Exercise description:
Only certain lines below are wanted: those starting at the line containing "Used 2024 Subaru" and ending at the line containing "Un humo negro", both included, each retyped exactly.
*** Raw data Section Begins ***
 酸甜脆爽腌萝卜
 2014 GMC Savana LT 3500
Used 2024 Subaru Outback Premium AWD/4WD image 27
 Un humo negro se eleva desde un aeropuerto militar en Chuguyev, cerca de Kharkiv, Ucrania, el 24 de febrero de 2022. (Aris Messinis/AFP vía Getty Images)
*** Raw data Section Ends ***
*** Raw data Section Begins ***
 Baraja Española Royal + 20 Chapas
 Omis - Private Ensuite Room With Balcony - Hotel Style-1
*** Raw data Section Ends ***
*** Raw data Section Begins ***
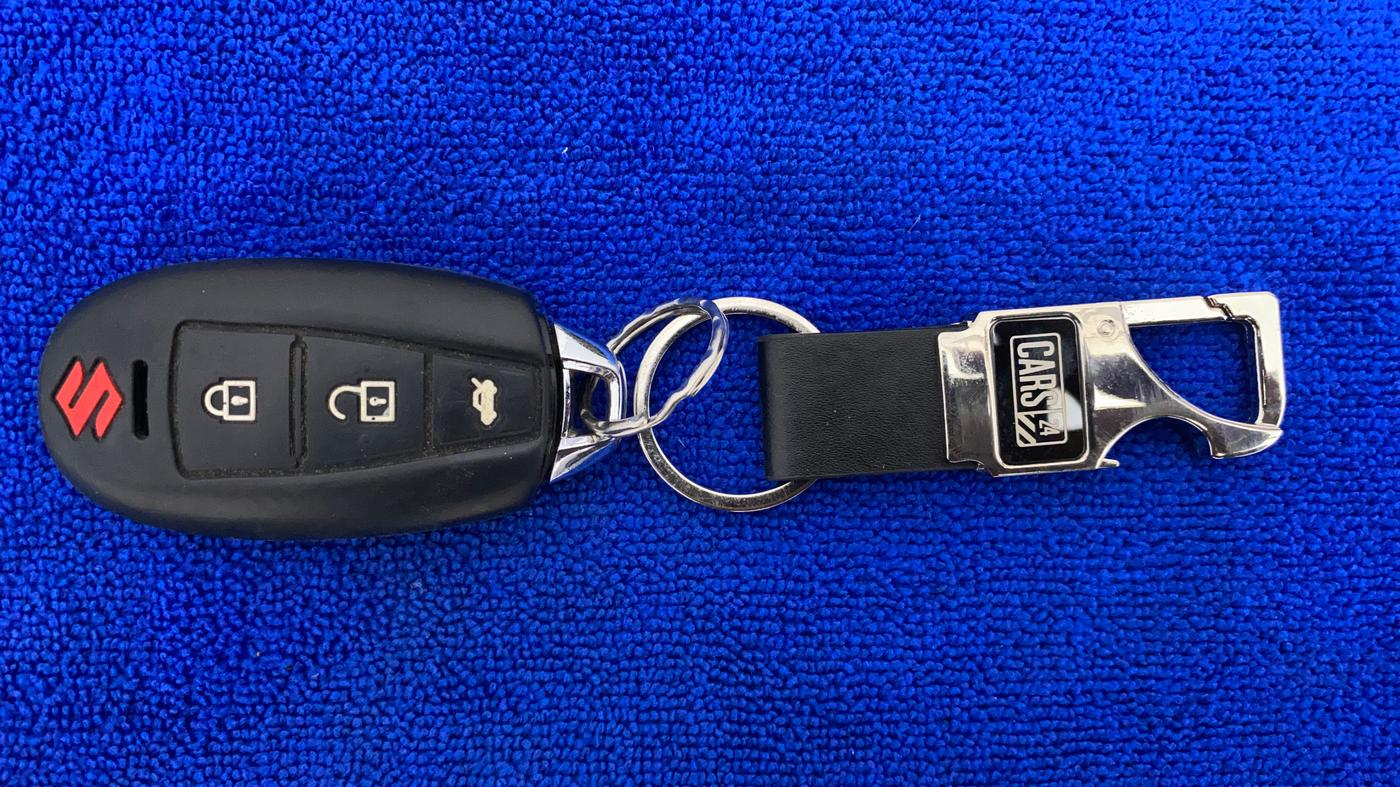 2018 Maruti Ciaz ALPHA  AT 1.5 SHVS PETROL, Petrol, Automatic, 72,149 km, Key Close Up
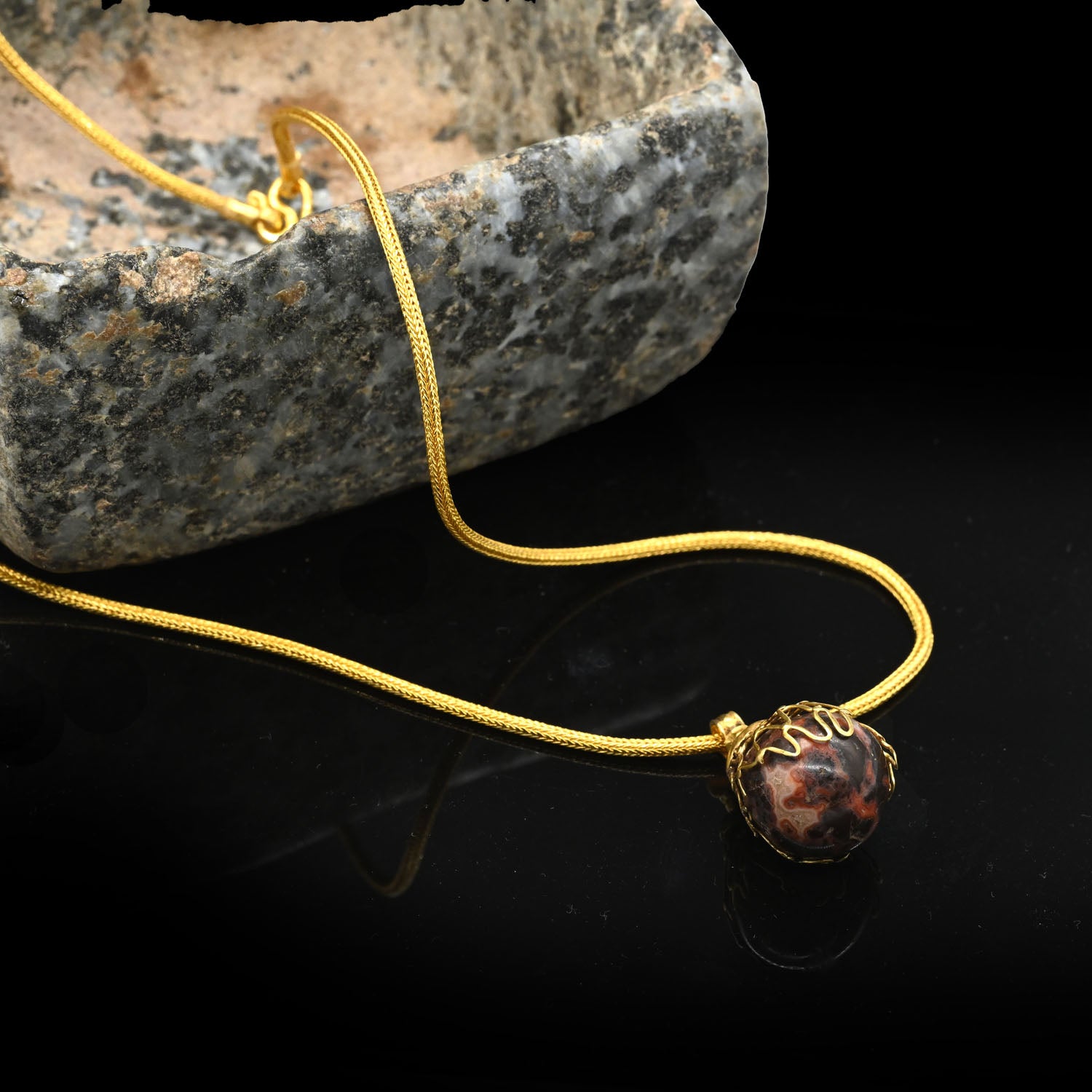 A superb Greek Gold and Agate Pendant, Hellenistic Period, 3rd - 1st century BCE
*** Raw data Section Ends ***
Answer below:
Used 2024 Subaru Outback Premium AWD/4WD image 27
 Un humo negro se eleva desde un aeropuerto militar en Chuguyev, cerca de Kharkiv, Ucrania, el 24 de febrero de 2022. (Aris Messinis/AFP vía Getty Images)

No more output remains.